Ustawa "lex Kamilek" nałożyła na setki tysięcy ludzi i podmiotów rozmaite obowiązki biurokratyczne. Jednym z nich jest wymóg posiadania zaświadczenia o niekaralności przez nauczycieli. Władza zażyczyła sobie, żeby nauczycieli i osoby, które pracują z nieletnimi, miały takie dokumenty. Wobec tego w całej Polsce nauczyciele ruszyli w ostatnich dniach do punktów sądowych, w których mogą go wyrobić.
Lex Kamilek. Rząd chce zaświadczeń o niekaralności od nauczycieli
"Lex Kamilek", czyli ustawa o przeciwdziałaniu zagrożeniom przestępczością na tle seksualnym, wprowadza według jej autorów nowe standardy ochrony małoletnich. Nauczyciele i pedagodzy objęci nowymi regulacjami mieli 11 dni na uzyskanie zaświadczenia.
W związku z olbrzymią skalą przedsięwzięcia już w piątek wiele punktów wydłużyło godziny działania. Ministerstwo Sprawiedliwości podjęło decyzję o otwarciu kilkunastu punktów także w sobotę.

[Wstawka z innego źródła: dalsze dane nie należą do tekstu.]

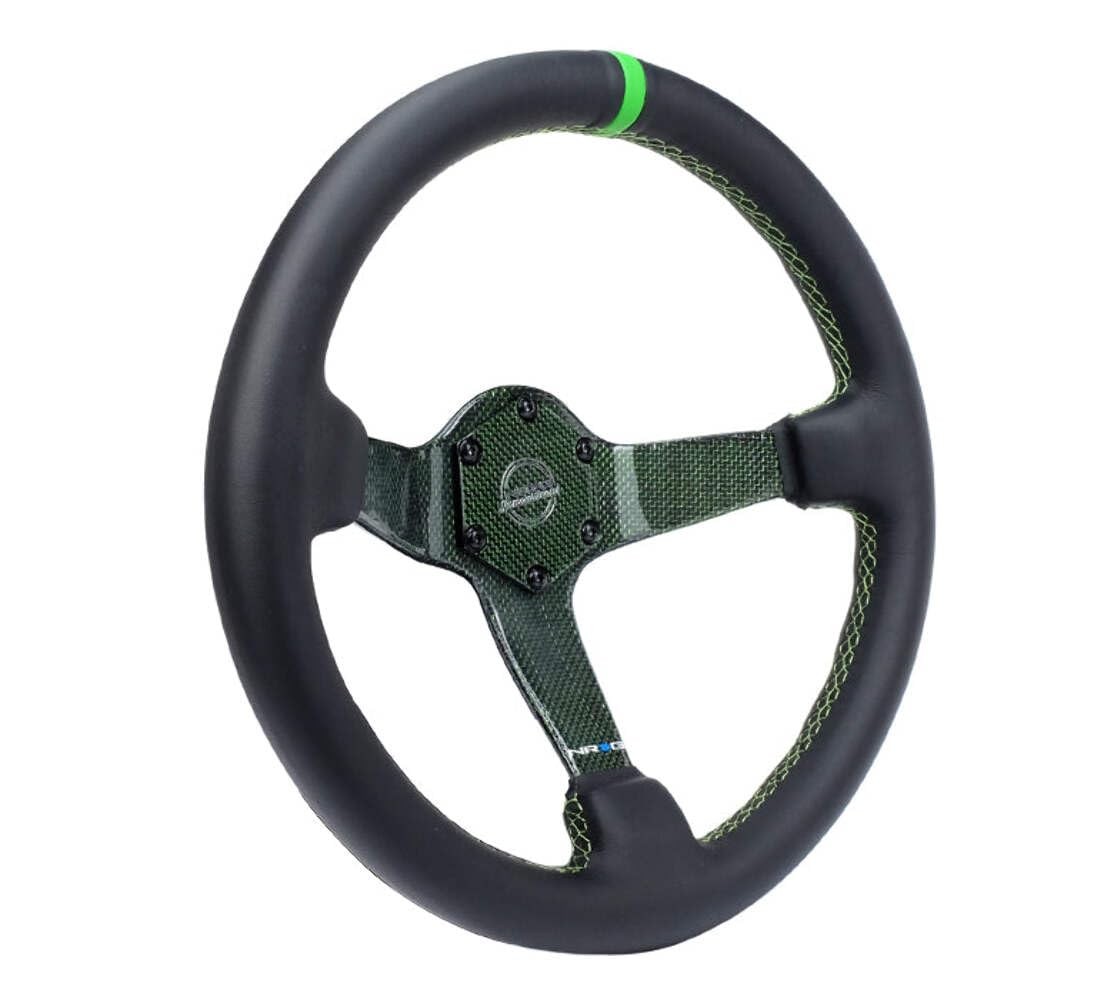 NRG Innovations Carbon Fiber Steering Wheel NRG-RST-036CF-GN 350mm Green Carbon Fiber, Green Stiching, Green Center Mark, Leather Wrapped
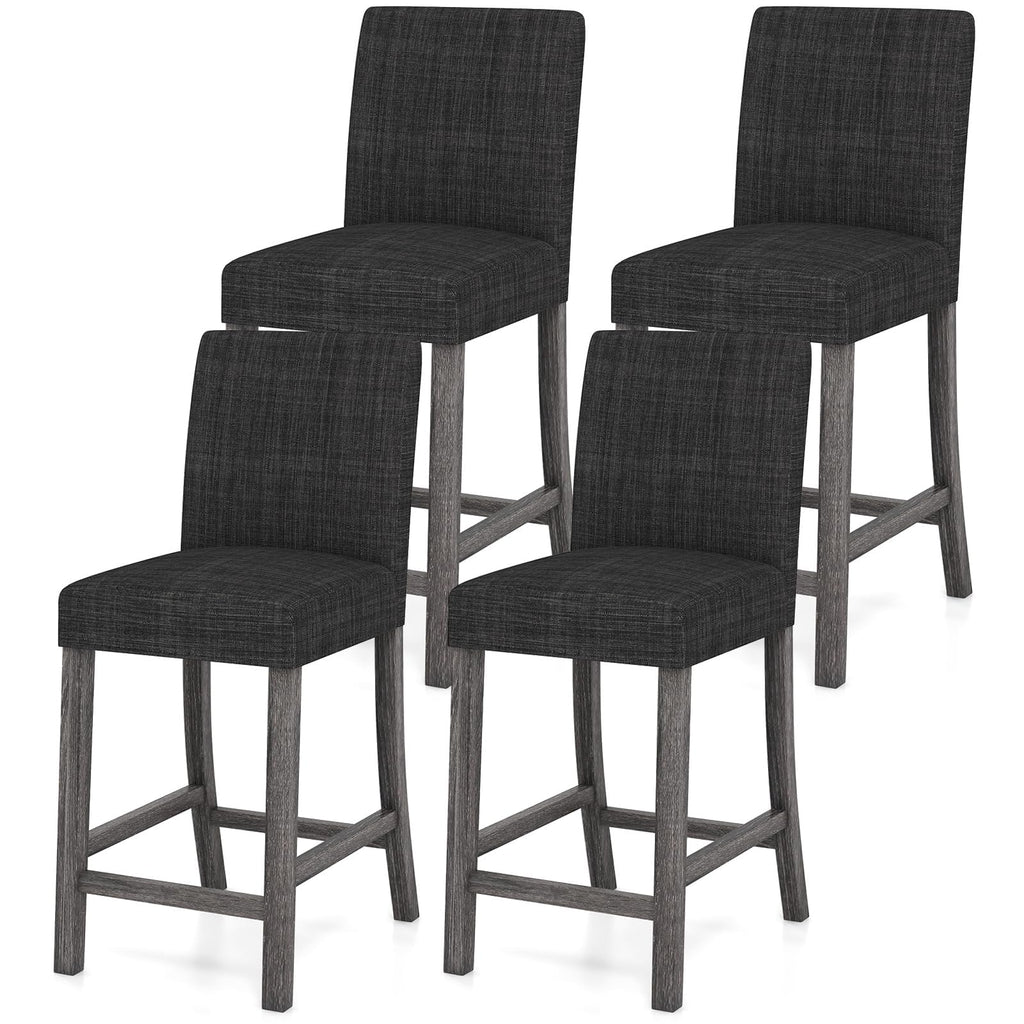 ERGOMASTER Counter Height Bar Stools Set of 4, 24.5'' Fabric Upholstered Barstools Mid Century Modern Island Bar Chairs with Back for Kitchen, Dining Room, Bar, Restaurant, Charcoal Grey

Gigantyczne kolejki. Punkty KRK pracują nawet w sobotę
W piątek późnym popołudniem minister sprawiedliwości Adam Bodnar opublikował w mediach społecznościowych komunikat w tej sprawie. "W ostatnich dniach wiele osób zgłasza się po zaświadczenia z Krajowego Rejestru Karnego (KRK). Aby umożliwić uzyskanie zaświadczeń w jak najszybszym terminie większość punktów KRK wydłużyła godziny pracy w piątek, a część będzie pracować również w sobotę" – czytamy.
Ojczym zamordował chłopca
Projekt nowelizacji Kodeksu rodzinnego i opiekuńczego pojawił się w związku ze śmiercią ośmioletniego Kamilka z Częstochowy.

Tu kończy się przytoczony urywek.